Collection of amniotic fluid for biochemical, hormonal, immunological, cytological and genetic studies, allowing to judge the condition of the fetus. Indications for amniocentesis are: iso-serological incompatibility of the mother's and fetus's blood, chronic fetal hypoxia (post-term pregnancy, OPG-gestosis, extragenital diseases of the mother, etc.), determination of the degree of fetal maturity, antenatal sex diagnosis, cardiological examination in case of fetal malformations, microbiological examination.

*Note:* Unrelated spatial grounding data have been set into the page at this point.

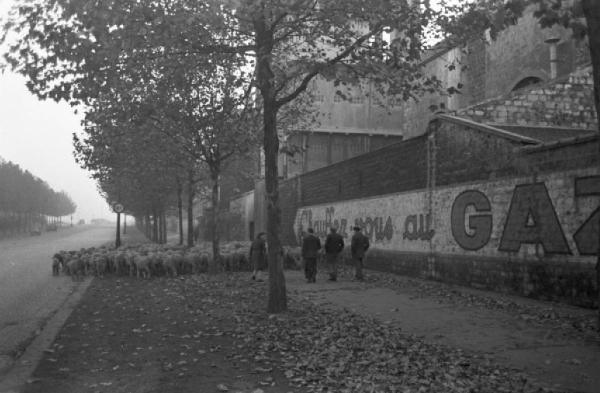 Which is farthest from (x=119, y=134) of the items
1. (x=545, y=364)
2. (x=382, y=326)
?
(x=545, y=364)

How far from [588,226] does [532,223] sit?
159 cm

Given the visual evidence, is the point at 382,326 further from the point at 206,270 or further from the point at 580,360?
the point at 206,270

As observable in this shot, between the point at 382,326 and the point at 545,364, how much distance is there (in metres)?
2.99

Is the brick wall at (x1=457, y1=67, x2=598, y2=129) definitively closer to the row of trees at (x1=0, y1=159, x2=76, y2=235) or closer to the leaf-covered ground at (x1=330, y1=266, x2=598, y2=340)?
the leaf-covered ground at (x1=330, y1=266, x2=598, y2=340)

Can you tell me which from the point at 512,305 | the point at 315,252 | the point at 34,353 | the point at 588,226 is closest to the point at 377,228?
the point at 315,252

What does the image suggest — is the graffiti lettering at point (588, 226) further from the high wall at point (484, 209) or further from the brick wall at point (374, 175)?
the brick wall at point (374, 175)

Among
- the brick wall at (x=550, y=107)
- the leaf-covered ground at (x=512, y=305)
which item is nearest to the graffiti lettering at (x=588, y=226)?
the leaf-covered ground at (x=512, y=305)

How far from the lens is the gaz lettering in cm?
1048

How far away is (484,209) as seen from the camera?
1362cm

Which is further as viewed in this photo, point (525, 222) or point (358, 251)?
point (358, 251)

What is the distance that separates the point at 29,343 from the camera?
837 centimetres

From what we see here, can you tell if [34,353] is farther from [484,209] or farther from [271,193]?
[484,209]

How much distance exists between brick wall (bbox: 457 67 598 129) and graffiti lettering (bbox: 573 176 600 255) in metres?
5.42

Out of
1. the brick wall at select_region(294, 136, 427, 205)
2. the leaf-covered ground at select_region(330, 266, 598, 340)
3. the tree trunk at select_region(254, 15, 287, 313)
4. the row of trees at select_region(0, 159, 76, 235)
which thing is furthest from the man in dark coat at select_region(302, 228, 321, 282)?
the row of trees at select_region(0, 159, 76, 235) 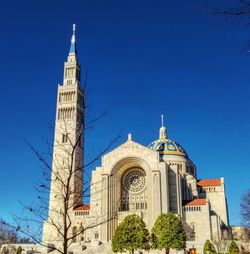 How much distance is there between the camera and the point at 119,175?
63.7 meters

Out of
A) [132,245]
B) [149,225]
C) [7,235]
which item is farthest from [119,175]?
[7,235]

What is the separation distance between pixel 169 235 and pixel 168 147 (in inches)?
1307

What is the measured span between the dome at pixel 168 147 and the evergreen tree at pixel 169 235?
28.7 metres

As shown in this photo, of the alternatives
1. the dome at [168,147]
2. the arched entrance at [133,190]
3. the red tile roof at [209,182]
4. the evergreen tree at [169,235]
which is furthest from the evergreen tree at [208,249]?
the dome at [168,147]

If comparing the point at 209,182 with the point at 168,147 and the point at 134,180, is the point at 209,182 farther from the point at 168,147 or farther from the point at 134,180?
the point at 134,180

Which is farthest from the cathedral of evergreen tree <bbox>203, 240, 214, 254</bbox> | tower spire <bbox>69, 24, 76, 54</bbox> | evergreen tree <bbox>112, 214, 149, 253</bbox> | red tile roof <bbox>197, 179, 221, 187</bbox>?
tower spire <bbox>69, 24, 76, 54</bbox>

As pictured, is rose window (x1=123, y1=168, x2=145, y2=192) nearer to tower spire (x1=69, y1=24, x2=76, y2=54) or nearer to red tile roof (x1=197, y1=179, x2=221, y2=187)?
red tile roof (x1=197, y1=179, x2=221, y2=187)

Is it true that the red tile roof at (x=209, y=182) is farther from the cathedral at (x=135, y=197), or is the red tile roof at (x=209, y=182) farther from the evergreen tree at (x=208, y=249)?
the evergreen tree at (x=208, y=249)

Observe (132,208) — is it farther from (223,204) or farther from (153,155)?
(223,204)

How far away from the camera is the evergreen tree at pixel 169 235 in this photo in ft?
152

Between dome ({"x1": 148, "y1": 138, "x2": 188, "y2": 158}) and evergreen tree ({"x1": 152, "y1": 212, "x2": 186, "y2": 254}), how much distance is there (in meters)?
28.7

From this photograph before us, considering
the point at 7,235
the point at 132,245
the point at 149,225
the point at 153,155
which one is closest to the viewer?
the point at 132,245

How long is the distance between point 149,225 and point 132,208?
5.24 m

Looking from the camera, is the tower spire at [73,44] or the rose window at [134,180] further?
the tower spire at [73,44] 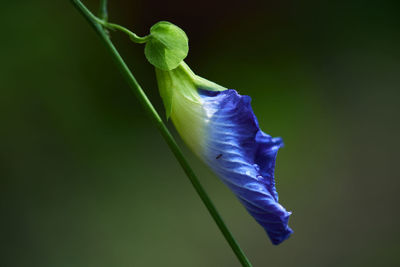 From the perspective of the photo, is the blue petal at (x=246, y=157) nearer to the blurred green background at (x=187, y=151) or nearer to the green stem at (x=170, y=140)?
the green stem at (x=170, y=140)

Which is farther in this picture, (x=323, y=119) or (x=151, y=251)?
(x=323, y=119)

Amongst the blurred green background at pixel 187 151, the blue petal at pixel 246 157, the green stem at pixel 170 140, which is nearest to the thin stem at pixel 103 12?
the green stem at pixel 170 140

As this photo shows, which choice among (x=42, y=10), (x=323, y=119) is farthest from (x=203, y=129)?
(x=323, y=119)

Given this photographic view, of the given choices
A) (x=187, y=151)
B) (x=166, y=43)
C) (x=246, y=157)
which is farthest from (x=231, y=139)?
(x=187, y=151)

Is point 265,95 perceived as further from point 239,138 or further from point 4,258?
point 239,138

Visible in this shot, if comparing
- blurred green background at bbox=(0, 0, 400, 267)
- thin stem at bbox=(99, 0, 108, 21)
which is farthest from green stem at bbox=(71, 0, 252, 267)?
blurred green background at bbox=(0, 0, 400, 267)

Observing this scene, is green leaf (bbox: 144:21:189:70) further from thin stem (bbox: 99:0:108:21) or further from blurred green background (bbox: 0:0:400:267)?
blurred green background (bbox: 0:0:400:267)

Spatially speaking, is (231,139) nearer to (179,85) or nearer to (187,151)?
(179,85) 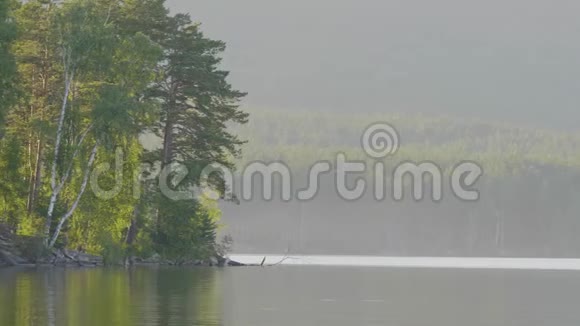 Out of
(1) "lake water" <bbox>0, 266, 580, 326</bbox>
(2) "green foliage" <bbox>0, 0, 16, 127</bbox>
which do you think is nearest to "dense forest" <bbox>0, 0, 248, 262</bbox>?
(2) "green foliage" <bbox>0, 0, 16, 127</bbox>

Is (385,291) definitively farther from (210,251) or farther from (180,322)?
(210,251)

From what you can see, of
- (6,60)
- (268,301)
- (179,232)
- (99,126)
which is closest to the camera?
(268,301)

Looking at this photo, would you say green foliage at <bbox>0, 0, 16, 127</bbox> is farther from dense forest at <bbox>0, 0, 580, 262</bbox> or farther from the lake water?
the lake water

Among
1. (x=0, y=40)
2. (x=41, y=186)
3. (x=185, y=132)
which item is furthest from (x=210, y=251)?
(x=0, y=40)

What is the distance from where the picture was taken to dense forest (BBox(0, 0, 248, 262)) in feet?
218

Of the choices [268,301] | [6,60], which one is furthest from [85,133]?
[268,301]

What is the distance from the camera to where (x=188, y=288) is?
4562 centimetres

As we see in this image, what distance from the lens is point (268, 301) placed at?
39500mm

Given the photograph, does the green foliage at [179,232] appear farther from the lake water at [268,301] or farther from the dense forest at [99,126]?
the lake water at [268,301]

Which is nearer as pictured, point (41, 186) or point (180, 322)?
point (180, 322)

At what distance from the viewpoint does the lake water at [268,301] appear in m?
32.2

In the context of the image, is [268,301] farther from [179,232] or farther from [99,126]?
[179,232]

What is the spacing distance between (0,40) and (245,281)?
47.3 feet

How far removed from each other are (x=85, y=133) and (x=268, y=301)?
29.6 m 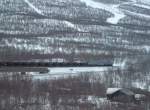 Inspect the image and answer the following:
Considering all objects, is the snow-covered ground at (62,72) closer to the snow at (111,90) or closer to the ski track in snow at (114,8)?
the snow at (111,90)

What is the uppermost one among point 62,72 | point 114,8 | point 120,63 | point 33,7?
point 62,72

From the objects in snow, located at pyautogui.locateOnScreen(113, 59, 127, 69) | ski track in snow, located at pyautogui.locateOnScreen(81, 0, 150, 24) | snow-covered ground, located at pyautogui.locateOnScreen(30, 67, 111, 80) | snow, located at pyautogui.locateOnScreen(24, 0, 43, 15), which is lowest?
ski track in snow, located at pyautogui.locateOnScreen(81, 0, 150, 24)

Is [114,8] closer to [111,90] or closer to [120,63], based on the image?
[120,63]

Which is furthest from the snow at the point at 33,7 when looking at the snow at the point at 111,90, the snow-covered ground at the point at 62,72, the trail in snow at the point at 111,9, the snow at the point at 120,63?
the snow at the point at 111,90

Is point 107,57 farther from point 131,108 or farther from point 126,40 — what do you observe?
point 131,108

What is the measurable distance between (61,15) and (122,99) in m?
14.3

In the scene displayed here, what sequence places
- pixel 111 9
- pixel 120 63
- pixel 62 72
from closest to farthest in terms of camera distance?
1. pixel 62 72
2. pixel 120 63
3. pixel 111 9

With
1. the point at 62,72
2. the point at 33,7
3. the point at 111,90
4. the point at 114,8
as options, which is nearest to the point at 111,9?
the point at 114,8

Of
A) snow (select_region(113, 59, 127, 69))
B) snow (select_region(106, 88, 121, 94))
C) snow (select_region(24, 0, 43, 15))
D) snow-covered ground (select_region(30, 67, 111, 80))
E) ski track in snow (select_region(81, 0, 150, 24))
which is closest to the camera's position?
snow (select_region(106, 88, 121, 94))

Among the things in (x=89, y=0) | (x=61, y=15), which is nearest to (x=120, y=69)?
(x=61, y=15)

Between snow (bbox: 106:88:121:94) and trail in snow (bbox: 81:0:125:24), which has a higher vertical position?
snow (bbox: 106:88:121:94)

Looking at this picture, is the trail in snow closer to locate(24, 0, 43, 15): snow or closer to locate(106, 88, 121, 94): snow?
locate(24, 0, 43, 15): snow

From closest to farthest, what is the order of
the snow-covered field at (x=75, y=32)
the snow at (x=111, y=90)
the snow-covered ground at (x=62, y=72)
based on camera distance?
1. the snow at (x=111, y=90)
2. the snow-covered ground at (x=62, y=72)
3. the snow-covered field at (x=75, y=32)

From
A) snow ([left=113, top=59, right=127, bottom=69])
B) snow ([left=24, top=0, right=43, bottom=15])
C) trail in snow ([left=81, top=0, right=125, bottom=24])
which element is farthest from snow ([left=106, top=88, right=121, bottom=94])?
snow ([left=24, top=0, right=43, bottom=15]) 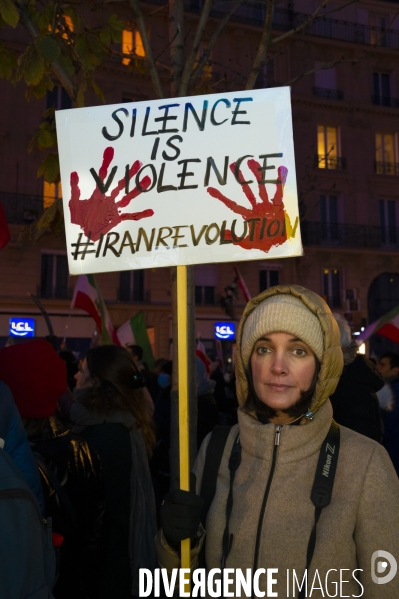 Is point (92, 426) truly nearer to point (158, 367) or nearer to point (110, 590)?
point (110, 590)

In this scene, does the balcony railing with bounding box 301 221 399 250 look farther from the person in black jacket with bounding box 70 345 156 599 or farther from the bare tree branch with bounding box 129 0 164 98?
the person in black jacket with bounding box 70 345 156 599

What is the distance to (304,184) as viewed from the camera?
23.7 m

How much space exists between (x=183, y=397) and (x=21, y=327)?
61.2 ft

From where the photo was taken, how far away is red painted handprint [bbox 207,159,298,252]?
2125mm

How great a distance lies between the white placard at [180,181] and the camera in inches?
83.9

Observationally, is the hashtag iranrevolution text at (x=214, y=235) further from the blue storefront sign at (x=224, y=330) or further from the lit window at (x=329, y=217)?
the lit window at (x=329, y=217)

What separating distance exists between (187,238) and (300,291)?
48cm

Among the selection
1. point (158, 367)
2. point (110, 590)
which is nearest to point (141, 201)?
point (110, 590)

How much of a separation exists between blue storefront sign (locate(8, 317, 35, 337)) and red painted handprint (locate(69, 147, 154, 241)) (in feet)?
59.8

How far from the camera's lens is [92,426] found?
3.16m

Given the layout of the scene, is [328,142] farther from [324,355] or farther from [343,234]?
[324,355]

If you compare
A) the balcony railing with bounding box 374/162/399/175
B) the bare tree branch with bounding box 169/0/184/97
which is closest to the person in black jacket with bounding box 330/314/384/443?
the bare tree branch with bounding box 169/0/184/97

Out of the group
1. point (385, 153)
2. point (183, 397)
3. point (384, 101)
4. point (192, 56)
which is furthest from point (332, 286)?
point (183, 397)

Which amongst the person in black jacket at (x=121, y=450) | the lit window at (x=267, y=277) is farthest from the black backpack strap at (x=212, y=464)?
the lit window at (x=267, y=277) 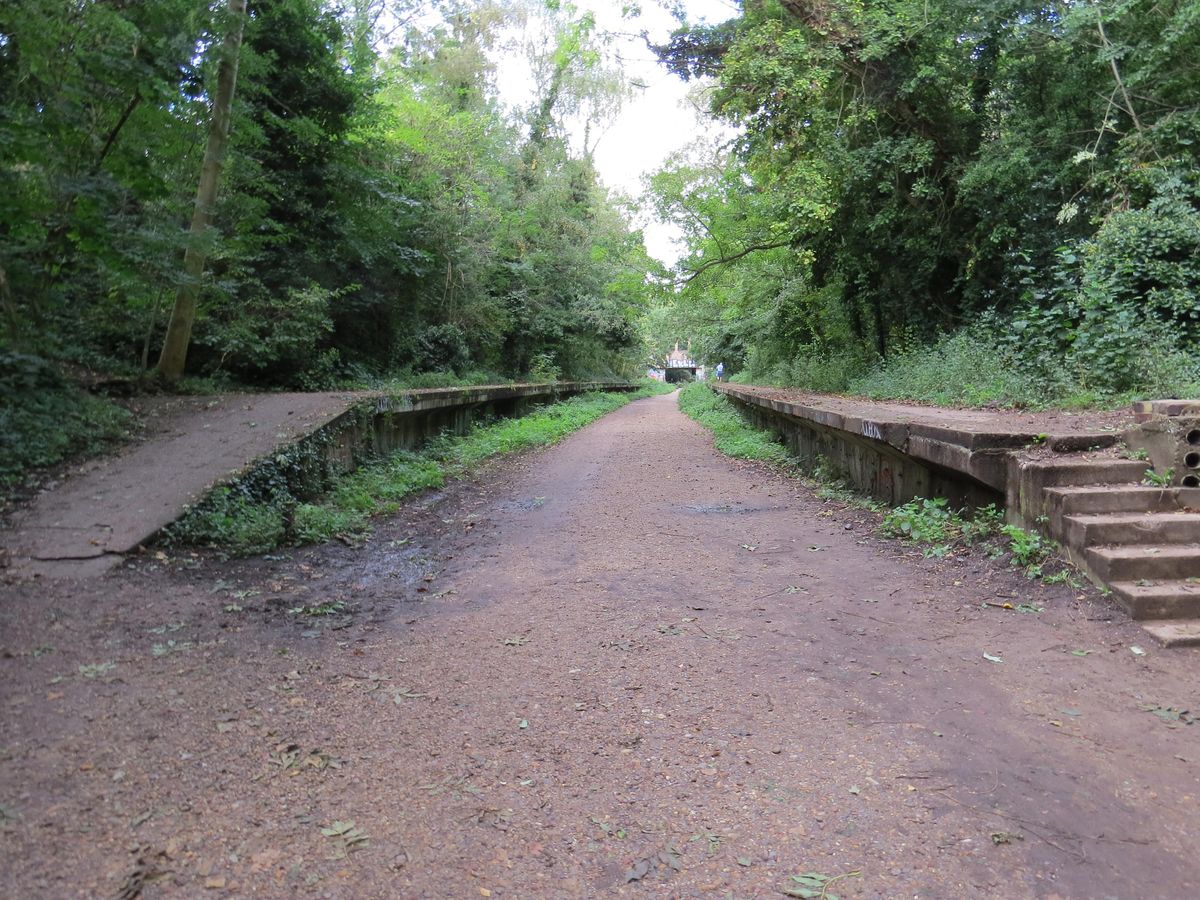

Depending on the puncture site, transvaginal and transabdominal amniocentesis are distinguished. Transvaginal amniocentesis is recommended for pregnancy up to 16-20 weeks, transabdominal - after 20 weeks. The operation is always performed under ultrasound control, choosing the most convenient puncture site depending on the location of the placenta and small parts of the fetus.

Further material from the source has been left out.